Le renouvellement des instances du Pnds Tarayya, actuellement en cours en prélude au congrès de décembre prochain, est, selon des sources crédibles, le début du rouleau compresseur. Comme dans le système politique chinois, avec le parti communiste, le Pnds Tarayya est pratiquement un parti-État. Pour contrôler le pouvoir actuel il faut avoir la haute main sur son appareil dirigeant. L’aile Issoufou s’attelle à gagner ce combat, déterminée à faire payer à Bazoum Mohamed ce que certains de ses membres considèrent comme une ingratitude de sa part. Zakari Oumarou, l’ancien gouverneur, a bien laissé entendre que celui qui trahit Dan illéla [Ndlr : Issoufou Mahamadou] le regrettera.

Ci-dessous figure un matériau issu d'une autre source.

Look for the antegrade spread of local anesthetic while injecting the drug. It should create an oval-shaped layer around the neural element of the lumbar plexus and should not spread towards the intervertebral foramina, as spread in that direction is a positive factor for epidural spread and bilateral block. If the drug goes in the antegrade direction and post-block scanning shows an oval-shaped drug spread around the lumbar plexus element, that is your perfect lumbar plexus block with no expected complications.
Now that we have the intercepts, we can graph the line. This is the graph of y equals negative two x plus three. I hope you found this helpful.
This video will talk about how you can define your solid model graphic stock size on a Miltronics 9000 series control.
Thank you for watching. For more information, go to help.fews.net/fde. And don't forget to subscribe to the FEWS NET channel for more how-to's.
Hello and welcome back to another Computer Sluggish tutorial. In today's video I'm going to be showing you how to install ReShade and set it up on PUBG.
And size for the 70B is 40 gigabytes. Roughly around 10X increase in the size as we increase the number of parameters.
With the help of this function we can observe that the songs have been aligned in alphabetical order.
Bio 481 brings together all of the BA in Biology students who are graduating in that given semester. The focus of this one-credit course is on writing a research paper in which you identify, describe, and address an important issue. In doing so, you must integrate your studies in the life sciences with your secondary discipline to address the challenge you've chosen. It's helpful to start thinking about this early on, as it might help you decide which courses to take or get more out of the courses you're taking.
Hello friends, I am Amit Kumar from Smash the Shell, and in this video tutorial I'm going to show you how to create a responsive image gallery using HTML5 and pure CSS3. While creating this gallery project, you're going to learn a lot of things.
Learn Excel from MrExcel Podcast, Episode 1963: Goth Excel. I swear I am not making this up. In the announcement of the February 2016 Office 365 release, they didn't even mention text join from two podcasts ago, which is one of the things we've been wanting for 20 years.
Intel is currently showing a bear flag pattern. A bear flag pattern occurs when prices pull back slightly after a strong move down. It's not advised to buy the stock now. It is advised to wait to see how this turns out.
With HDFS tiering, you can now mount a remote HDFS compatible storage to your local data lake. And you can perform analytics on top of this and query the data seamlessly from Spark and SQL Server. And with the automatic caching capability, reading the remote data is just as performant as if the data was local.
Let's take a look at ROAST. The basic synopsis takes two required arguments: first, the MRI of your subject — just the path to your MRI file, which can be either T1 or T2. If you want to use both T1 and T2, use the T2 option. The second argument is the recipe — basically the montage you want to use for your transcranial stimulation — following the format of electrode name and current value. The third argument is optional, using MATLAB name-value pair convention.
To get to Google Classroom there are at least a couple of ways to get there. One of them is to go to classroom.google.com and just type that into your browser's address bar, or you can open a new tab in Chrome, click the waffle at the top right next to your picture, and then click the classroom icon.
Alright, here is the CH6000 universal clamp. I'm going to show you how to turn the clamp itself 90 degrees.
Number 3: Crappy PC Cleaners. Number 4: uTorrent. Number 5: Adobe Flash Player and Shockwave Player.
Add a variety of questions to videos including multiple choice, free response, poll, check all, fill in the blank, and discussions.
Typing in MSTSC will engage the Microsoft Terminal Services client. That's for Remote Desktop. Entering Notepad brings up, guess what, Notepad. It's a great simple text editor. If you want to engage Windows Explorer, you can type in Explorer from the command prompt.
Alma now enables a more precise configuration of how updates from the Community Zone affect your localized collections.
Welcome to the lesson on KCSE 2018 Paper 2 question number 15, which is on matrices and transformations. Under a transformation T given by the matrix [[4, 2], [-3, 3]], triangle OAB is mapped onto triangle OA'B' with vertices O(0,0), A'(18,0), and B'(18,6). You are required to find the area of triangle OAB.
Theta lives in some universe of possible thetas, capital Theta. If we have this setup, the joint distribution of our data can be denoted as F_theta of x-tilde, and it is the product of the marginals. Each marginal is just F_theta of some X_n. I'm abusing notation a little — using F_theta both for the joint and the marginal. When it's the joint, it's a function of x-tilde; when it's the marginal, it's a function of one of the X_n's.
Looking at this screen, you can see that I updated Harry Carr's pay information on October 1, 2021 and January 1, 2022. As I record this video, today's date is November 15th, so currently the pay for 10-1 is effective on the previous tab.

Bazoum Mohamed n’a pourtant que quelques 17 mois au pouvoir. Défié en permanence dans l’exercice de ses pouvoirs, Bazoum Mohamed a constamment dégagé en touche, histoire d’éviter le clash. S’il ne recule pas, il esquive les attaques, banalise les actes provocateurs. Son souci, c’est d’être irresponsabilisé dans la dégradation des relations entre son prédécesseur et lui. Il a fait si profil bas qu’au sein de l’opinion nationale, des voix se sont régulièrement élevées pour estimer qu’il y a deux présidents au Niger : l’un, plus virtuel que réel, lui et l’autre, plus réel que virtuel, Issoufou Mahamadou. Jusqu’à quand cela va-t-il perdurer ? Pourtant, son prédécesseur, dont le projet est désormais connu de tous, ne semble pas s’arrêter en si bon chemin. Les intentions de son camp politique sont claires de l’eau de roche. Bazoum Mohamed, selon toute vraisemblance, ne doit pas faire un second mandat. Quelque part, on en a assez de le supporter, l’accusant de s’être écarté du sillon tracé par Issoufou Mahamadou.
S’il fait profil bas au point d’être tourné en ridicule, Bazoum Mohamed n’est toutefois pas dénué d’atouts considérables. Il est le président de la République, investi de pouvoirs constitutionnels dont il n’a pas encore songé à user. Son prédécesseur l’aurait fait sans hésitation. Ailleurs, sous d’autres cieux, le président en titre a tout de suite fait comprendre à l’autre qu’il est le chef de l’État et qu’il ne peut y avoir deux capitaines dans un même bateau.